TASK BRIEF:
Each of the following records is to be printed verbatim.

#####

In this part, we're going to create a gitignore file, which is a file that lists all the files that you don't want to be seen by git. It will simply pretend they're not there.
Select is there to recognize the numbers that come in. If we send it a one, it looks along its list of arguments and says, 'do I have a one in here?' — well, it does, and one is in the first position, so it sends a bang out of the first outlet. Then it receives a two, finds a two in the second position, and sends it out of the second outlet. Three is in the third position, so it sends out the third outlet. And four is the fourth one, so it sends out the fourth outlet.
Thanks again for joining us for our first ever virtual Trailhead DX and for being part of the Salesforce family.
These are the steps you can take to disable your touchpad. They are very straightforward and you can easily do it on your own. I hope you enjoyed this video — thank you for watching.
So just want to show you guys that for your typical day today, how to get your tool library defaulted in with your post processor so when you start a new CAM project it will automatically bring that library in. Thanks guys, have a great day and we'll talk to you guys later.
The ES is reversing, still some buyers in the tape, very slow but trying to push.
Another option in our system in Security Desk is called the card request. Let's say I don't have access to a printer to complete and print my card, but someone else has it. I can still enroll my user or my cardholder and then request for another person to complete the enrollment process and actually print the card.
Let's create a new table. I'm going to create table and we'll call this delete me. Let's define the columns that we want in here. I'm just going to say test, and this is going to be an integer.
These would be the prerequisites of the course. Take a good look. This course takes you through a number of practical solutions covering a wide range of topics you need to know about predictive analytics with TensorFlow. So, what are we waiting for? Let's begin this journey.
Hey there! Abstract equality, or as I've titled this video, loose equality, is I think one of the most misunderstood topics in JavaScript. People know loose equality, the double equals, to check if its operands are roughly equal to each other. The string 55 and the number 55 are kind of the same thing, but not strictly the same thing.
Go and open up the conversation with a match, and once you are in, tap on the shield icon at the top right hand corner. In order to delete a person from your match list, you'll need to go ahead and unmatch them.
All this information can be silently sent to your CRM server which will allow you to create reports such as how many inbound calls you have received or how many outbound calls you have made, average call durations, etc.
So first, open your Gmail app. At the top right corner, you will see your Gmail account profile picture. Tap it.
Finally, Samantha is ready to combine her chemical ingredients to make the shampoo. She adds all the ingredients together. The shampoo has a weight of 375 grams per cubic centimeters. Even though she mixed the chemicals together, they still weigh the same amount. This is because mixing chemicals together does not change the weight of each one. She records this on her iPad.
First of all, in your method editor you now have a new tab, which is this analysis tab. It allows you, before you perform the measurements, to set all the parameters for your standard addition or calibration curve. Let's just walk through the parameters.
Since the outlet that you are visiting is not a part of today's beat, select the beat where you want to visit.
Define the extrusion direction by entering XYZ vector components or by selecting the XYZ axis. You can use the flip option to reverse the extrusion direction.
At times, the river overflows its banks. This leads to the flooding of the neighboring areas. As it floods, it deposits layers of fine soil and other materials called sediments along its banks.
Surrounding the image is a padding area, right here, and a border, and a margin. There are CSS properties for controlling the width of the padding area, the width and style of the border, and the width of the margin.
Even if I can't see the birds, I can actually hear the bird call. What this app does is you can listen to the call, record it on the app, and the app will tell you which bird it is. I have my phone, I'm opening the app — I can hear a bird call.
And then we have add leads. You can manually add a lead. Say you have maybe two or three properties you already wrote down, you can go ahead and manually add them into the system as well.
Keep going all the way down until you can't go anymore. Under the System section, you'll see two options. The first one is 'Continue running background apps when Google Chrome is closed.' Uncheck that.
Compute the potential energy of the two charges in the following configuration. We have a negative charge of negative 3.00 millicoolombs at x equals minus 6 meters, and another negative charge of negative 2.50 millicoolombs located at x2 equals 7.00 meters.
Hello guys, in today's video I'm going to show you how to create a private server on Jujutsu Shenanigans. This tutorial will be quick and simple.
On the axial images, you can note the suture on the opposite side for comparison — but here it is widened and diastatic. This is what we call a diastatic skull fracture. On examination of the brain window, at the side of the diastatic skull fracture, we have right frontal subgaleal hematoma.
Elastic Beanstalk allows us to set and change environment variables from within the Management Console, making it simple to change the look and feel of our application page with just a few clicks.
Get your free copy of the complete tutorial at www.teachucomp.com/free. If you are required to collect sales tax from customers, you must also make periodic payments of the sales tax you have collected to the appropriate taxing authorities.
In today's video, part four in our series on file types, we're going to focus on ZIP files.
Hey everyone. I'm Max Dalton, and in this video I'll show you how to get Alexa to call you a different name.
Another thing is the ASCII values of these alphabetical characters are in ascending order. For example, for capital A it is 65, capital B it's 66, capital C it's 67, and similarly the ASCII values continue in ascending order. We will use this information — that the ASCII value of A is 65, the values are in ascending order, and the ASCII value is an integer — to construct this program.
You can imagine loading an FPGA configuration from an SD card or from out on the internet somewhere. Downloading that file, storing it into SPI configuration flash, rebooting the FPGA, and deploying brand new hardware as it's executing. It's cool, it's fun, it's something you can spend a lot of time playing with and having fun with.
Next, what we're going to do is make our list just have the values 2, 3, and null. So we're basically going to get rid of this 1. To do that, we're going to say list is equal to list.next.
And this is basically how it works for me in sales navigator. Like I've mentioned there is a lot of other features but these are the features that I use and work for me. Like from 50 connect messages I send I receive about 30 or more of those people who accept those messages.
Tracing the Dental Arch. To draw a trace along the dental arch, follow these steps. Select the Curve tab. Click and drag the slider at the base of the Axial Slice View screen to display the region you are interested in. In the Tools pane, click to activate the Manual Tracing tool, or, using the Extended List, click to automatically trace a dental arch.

#####

ANSWER TO THIS PROBLEM:
In this part, we're going to create a gitignore file, which is a file that lists all the files that you don't want to be seen by git. It will simply pretend they're not there.
Select is there to recognize the numbers that come in. If we send it a one, it looks along its list of arguments and says, 'do I have a one in here?' — well, it does, and one is in the first position, so it sends a bang out of the first outlet. Then it receives a two, finds a two in the second position, and sends it out of the second outlet. Three is in the third position, so it sends out the third outlet. And four is the fourth one, so it sends out the fourth outlet.
Thanks again for joining us for our first ever virtual Trailhead DX and for being part of the Salesforce family.
These are the steps you can take to disable your touchpad. They are very straightforward and you can easily do it on your own. I hope you enjoyed this video — thank you for watching.
So just want to show you guys that for your typical day today, how to get your tool library defaulted in with your post processor so when you start a new CAM project it will automatically bring that library in. Thanks guys, have a great day and we'll talk to you guys later.
The ES is reversing, still some buyers in the tape, very slow but trying to push.
Another option in our system in Security Desk is called the card request. Let's say I don't have access to a printer to complete and print my card, but someone else has it. I can still enroll my user or my cardholder and then request for another person to complete the enrollment process and actually print the card.
Let's create a new table. I'm going to create table and we'll call this delete me. Let's define the columns that we want in here. I'm just going to say test, and this is going to be an integer.
These would be the prerequisites of the course. Take a good look. This course takes you through a number of practical solutions covering a wide range of topics you need to know about predictive analytics with TensorFlow. So, what are we waiting for? Let's begin this journey.
Hey there! Abstract equality, or as I've titled this video, loose equality, is I think one of the most misunderstood topics in JavaScript. People know loose equality, the double equals, to check if its operands are roughly equal to each other. The string 55 and the number 55 are kind of the same thing, but not strictly the same thing.
Go and open up the conversation with a match, and once you are in, tap on the shield icon at the top right hand corner. In order to delete a person from your match list, you'll need to go ahead and unmatch them.
All this information can be silently sent to your CRM server which will allow you to create reports such as how many inbound calls you have received or how many outbound calls you have made, average call durations, etc.
So first, open your Gmail app. At the top right corner, you will see your Gmail account profile picture. Tap it.
Finally, Samantha is ready to combine her chemical ingredients to make the shampoo. She adds all the ingredients together. The shampoo has a weight of 375 grams per cubic centimeters. Even though she mixed the chemicals together, they still weigh the same amount. This is because mixing chemicals together does not change the weight of each one. She records this on her iPad.
First of all, in your method editor you now have a new tab, which is this analysis tab. It allows you, before you perform the measurements, to set all the parameters for your standard addition or calibration curve. Let's just walk through the parameters.
Since the outlet that you are visiting is not a part of today's beat, select the beat where you want to visit.
Define the extrusion direction by entering XYZ vector components or by selecting the XYZ axis. You can use the flip option to reverse the extrusion direction.
At times, the river overflows its banks. This leads to the flooding of the neighboring areas. As it floods, it deposits layers of fine soil and other materials called sediments along its banks.
Surrounding the image is a padding area, right here, and a border, and a margin. There are CSS properties for controlling the width of the padding area, the width and style of the border, and the width of the margin.
Even if I can't see the birds, I can actually hear the bird call. What this app does is you can listen to the call, record it on the app, and the app will tell you which bird it is. I have my phone, I'm opening the app — I can hear a bird call.
And then we have add leads. You can manually add a lead. Say you have maybe two or three properties you already wrote down, you can go ahead and manually add them into the system as well.
Keep going all the way down until you can't go anymore. Under the System section, you'll see two options. The first one is 'Continue running background apps when Google Chrome is closed.' Uncheck that.
Compute the potential energy of the two charges in the following configuration. We have a negative charge of negative 3.00 millicoolombs at x equals minus 6 meters, and another negative charge of negative 2.50 millicoolombs located at x2 equals 7.00 meters.
Hello guys, in today's video I'm going to show you how to create a private server on Jujutsu Shenanigans. This tutorial will be quick and simple.
On the axial images, you can note the suture on the opposite side for comparison — but here it is widened and diastatic. This is what we call a diastatic skull fracture. On examination of the brain window, at the side of the diastatic skull fracture, we have right frontal subgaleal hematoma.
Elastic Beanstalk allows us to set and change environment variables from within the Management Console, making it simple to change the look and feel of our application page with just a few clicks.
Get your free copy of the complete tutorial at www.teachucomp.com/free. If you are required to collect sales tax from customers, you must also make periodic payments of the sales tax you have collected to the appropriate taxing authorities.
In today's video, part four in our series on file types, we're going to focus on ZIP files.
Hey everyone. I'm Max Dalton, and in this video I'll show you how to get Alexa to call you a different name.
Another thing is the ASCII values of these alphabetical characters are in ascending order. For example, for capital A it is 65, capital B it's 66, capital C it's 67, and similarly the ASCII values continue in ascending order. We will use this information — that the ASCII value of A is 65, the values are in ascending order, and the ASCII value is an integer — to construct this program.
You can imagine loading an FPGA configuration from an SD card or from out on the internet somewhere. Downloading that file, storing it into SPI configuration flash, rebooting the FPGA, and deploying brand new hardware as it's executing. It's cool, it's fun, it's something you can spend a lot of time playing with and having fun with.
Next, what we're going to do is make our list just have the values 2, 3, and null. So we're basically going to get rid of this 1. To do that, we're going to say list is equal to list.next.
And this is basically how it works for me in sales navigator. Like I've mentioned there is a lot of other features but these are the features that I use and work for me. Like from 50 connect messages I send I receive about 30 or more of those people who accept those messages.
Tracing the Dental Arch. To draw a trace along the dental arch, follow these steps. Select the Curve tab. Click and drag the slider at the base of the Axial Slice View screen to display the region you are interested in. In the Tools pane, click to activate the Manual Tracing tool, or, using the Extended List, click to automatically trace a dental arch.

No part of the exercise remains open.